[Entries taken from a collection]

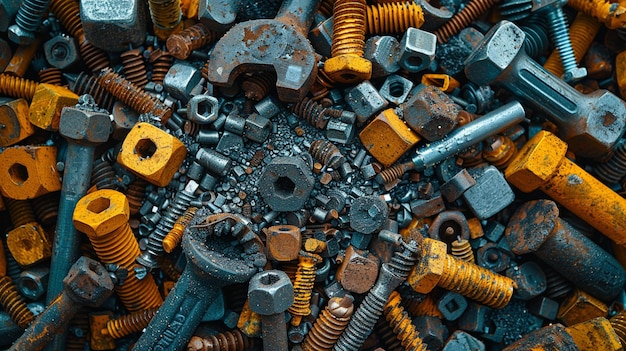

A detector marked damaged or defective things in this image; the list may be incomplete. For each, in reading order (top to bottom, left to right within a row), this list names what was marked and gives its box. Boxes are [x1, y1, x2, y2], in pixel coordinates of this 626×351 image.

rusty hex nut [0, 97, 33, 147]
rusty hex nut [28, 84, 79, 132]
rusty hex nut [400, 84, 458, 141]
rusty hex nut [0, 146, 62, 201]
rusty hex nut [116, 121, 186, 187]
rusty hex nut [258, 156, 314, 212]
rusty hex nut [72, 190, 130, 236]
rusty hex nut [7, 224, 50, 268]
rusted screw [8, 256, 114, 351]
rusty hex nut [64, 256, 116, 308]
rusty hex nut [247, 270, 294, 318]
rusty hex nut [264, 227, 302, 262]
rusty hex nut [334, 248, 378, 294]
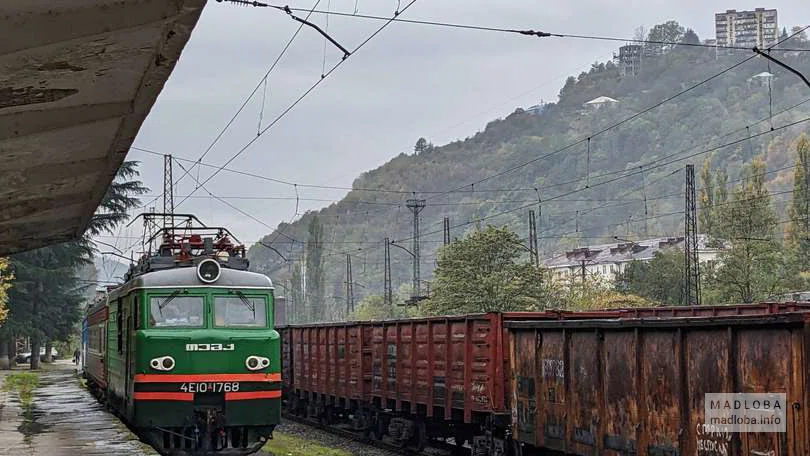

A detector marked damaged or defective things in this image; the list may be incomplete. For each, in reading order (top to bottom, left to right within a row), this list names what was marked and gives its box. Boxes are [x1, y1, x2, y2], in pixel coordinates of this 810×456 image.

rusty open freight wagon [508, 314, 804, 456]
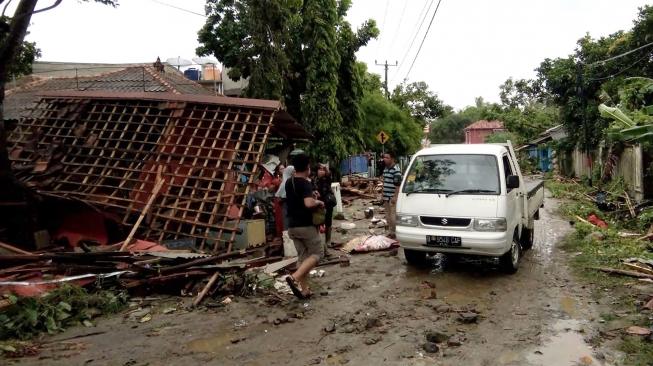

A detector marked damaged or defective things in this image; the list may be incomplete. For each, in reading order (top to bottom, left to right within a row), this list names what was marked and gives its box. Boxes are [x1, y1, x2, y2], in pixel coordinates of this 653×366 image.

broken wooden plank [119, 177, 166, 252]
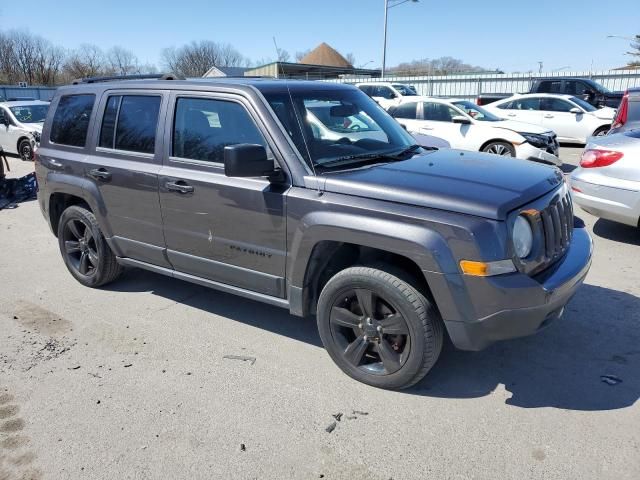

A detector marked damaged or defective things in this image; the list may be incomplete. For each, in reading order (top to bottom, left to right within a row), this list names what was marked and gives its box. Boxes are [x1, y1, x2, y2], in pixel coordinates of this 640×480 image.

## Problem description
Please retype the entries above word for word, but only from the line containing "this 653×366 image." through the last line, and without the pictures.

## Problem solution
A detector marked damaged or defective things in this image; the list may be incomplete. For each, in reading order (top to bottom, left to right within a row), this list names what was marked and gives its box. Boxes are [x1, y1, x2, y2], in pixel coordinates of this 653×366 image.

broken wooden plank [119, 177, 166, 252]

A detector marked damaged or defective things in this image; the list may be incomplete. For each, in reading order (top to bottom, left to right within a row), this list names what was marked and gives its box. Boxes are [x1, y1, x2, y2], in pixel coordinates of this 640×480 image.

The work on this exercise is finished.